If the size of the pool of real wealth is not adequate to afford better infrastructure then time is needed to accumulate real wealth to be able to secure better infrastructure. The build-up of the pool of real wealth cannot be made faster by raising government outlays. As we have seen, an increase in government spending will only weaken the pool of real wealth.

The government can force various non-market chosen projects. The government, however, cannot make these projects viable. As time goes by the burden that these projects will impose on the economy through higher ongoing levels of taxes is going to undermine the well-being of individuals and will make these projects even more of a burden.

Spending Reductions Must Come With Tax Cuts

What about the lowering of taxes on businesses – surely this will give a boost to capital investment and strengthen the process of real wealth formation? This is what President Trump is being rumored to be considering. As long as this lowering of taxes is not matched by a reduction in government spending this will encourage a misallocation of capital.

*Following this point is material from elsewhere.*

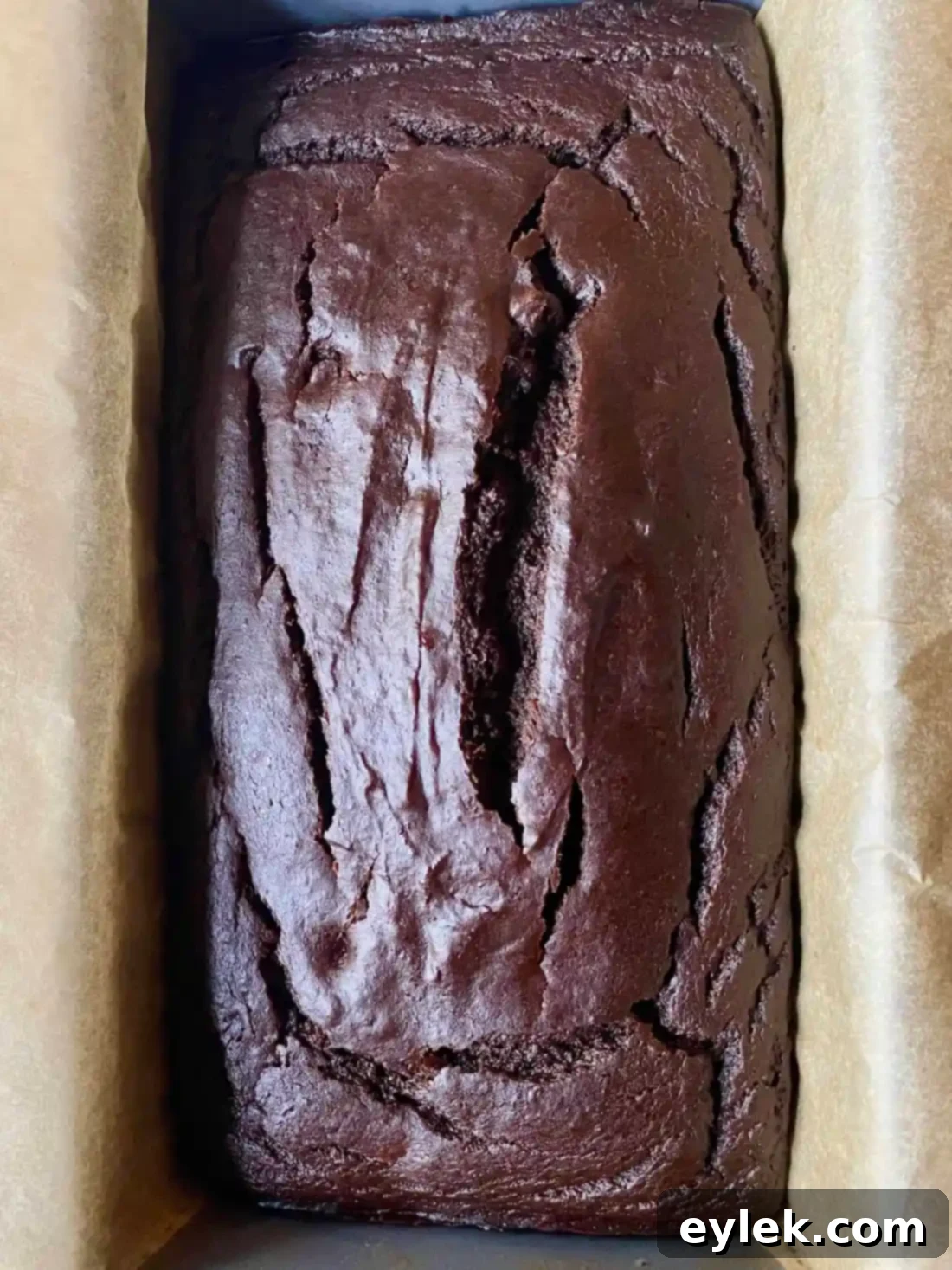 Baked Spiced Chocolate Pumpkin Cake in loaf pan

The emerging budget deficit is going to be funded either by borrowings or by monetary pumping. Obviously, this amounts to the diversion of real wealth from wealth generating activities to non-wealth generating activities. Various capital projects that emerge on the back of such government policy are likely to be the equivalent of useless pyramids. 

We have seen that one of the ways of securing the necessary funds by the government is by means of borrowing. But how can this be?

A borrower must be a wealth generator in order to be able to repay the principal loan plus interest. This is, however, not the case as far as the government is concerned, for government is not a wealth generator – it only consumes wealth.

So how then can the government as a borrower, producing no real wealth, ever repay its debt? The only way it can do this is by borrowing again from the same lender – the wealth-generating private sector. It amounts to a process whereby government borrows from you in order to repay you.

We can conclude that the only meaningful contribution the government can make to the pool of real wealth, and hence people’s living standards, is by focusing on a reduction in real outlays – not whether there is a surplus or a deficit. This in turn means the government must remove itself from business activities and permit wealth generators to get on with the business of wealth generation.

  • 1Ludwig von Mises, Human Action, Scholars edition, chapter 31, p. 793.